* **Exercise requirements**
The response should repeat word for word every line below from the one with "front view of" to the one with "thumbnail image 3", inclusive, and nothing else; leave pictures out.

* **Recorded information**
····················

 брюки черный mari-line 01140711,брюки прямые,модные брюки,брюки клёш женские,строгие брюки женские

····················

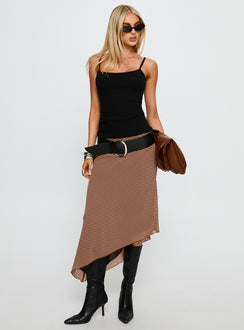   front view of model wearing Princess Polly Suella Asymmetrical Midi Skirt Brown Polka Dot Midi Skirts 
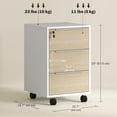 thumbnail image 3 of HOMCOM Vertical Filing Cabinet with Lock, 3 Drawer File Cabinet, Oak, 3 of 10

····················

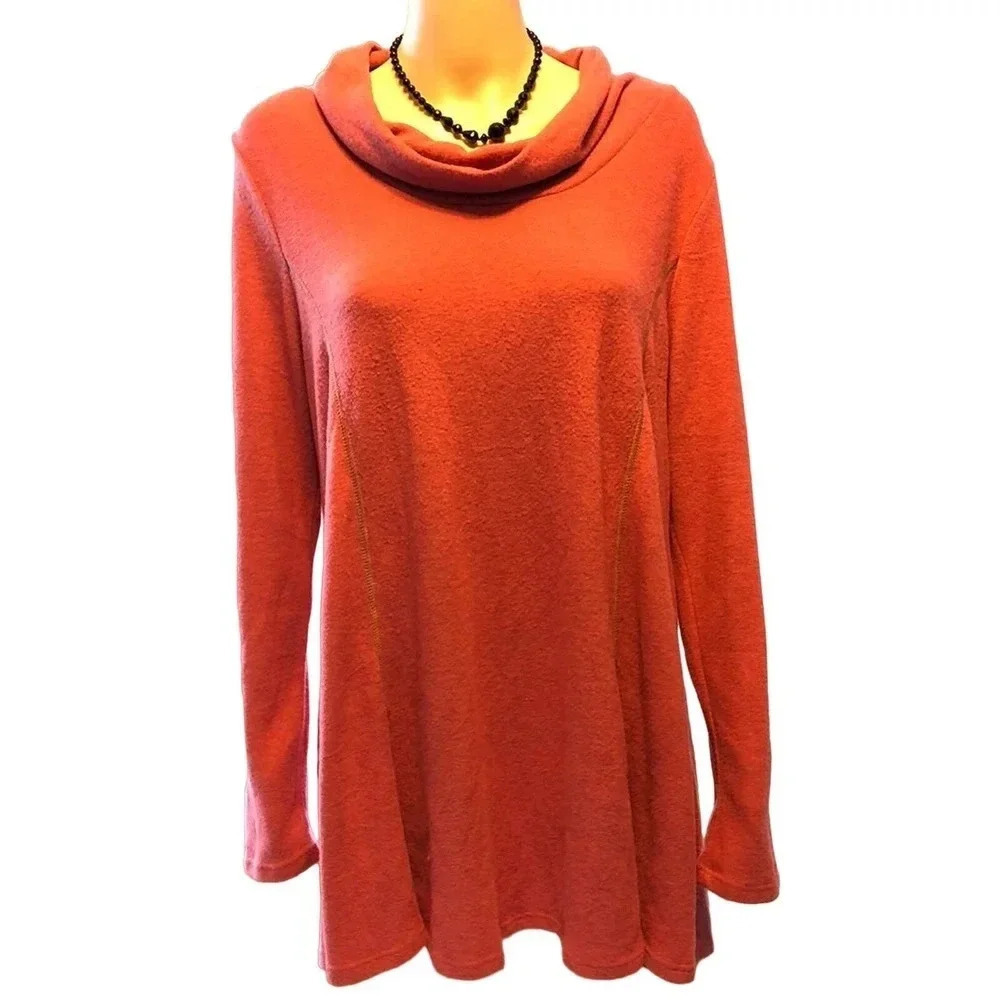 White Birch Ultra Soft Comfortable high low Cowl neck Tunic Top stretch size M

····················

* **Exercise output**
   front view of model wearing Princess Polly Suella Asymmetrical Midi Skirt Brown Polka Dot Midi Skirts 
 thumbnail image 3 of HOMCOM Vertical Filing Cabinet with Lock, 3 Drawer File Cabinet, Oak, 3 of 10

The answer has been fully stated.